Start of Provided records

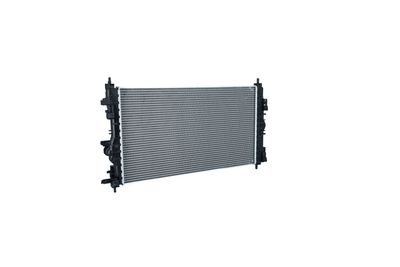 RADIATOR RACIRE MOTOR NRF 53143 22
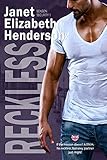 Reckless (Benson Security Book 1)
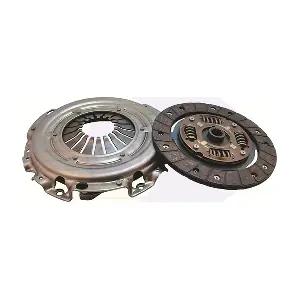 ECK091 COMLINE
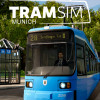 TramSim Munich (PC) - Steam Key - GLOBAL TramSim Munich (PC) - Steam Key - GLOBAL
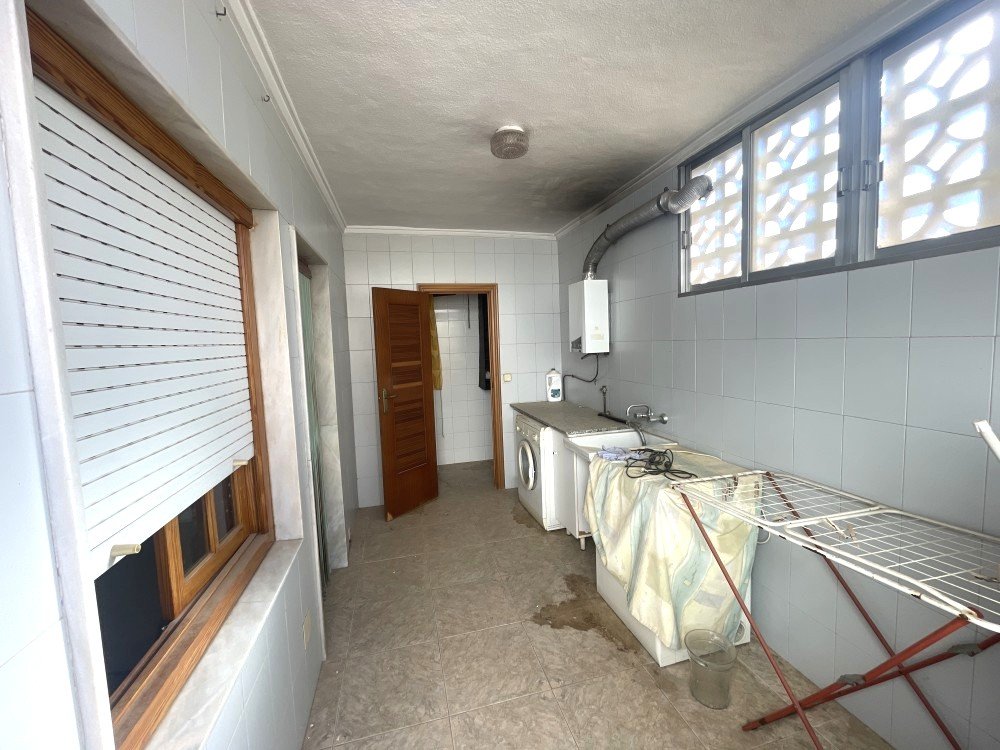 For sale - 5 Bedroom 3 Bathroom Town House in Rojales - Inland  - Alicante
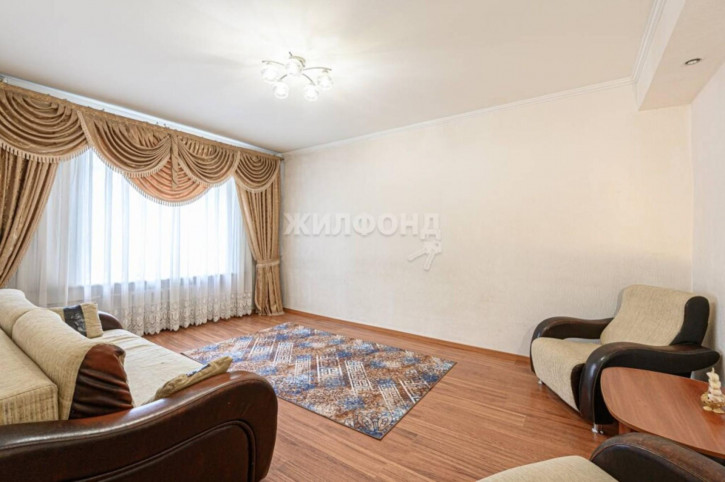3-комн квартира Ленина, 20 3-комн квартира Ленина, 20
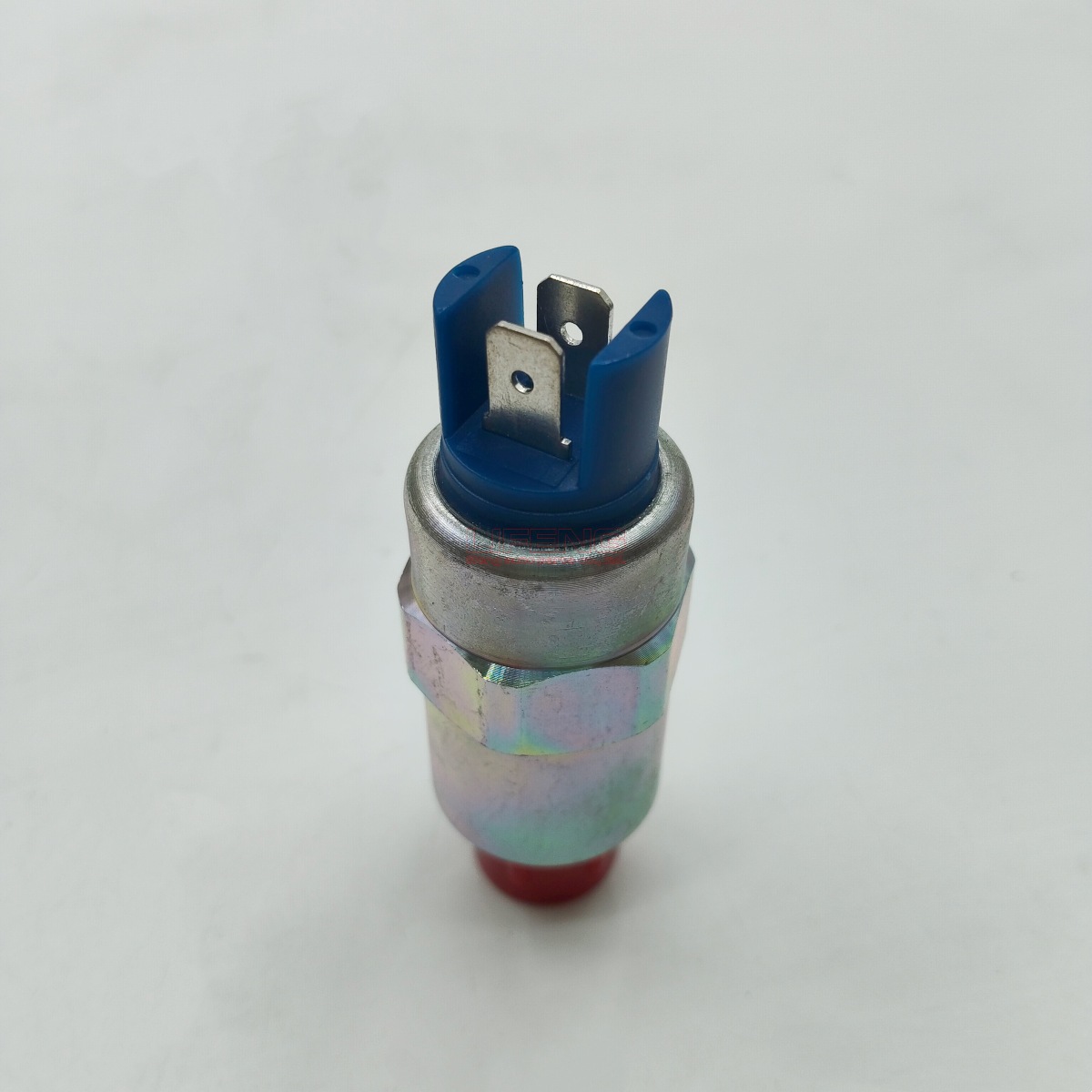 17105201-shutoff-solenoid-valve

End of Provided records

Every line above should be copied exactly, apart from any pictures.

 RADIATOR RACIRE MOTOR NRF 53143 22
 Reckless (Benson Security Book 1)
 ECK091 COMLINE
 TramSim Munich (PC) - Steam Key - GLOBAL TramSim Munich (PC) - Steam Key - GLOBAL
 For sale - 5 Bedroom 3 Bathroom Town House in Rojales - Inland  - Alicante
3-комн квартира Ленина, 20 3-комн квартира Ленина, 20
 17105201-shutoff-solenoid-valve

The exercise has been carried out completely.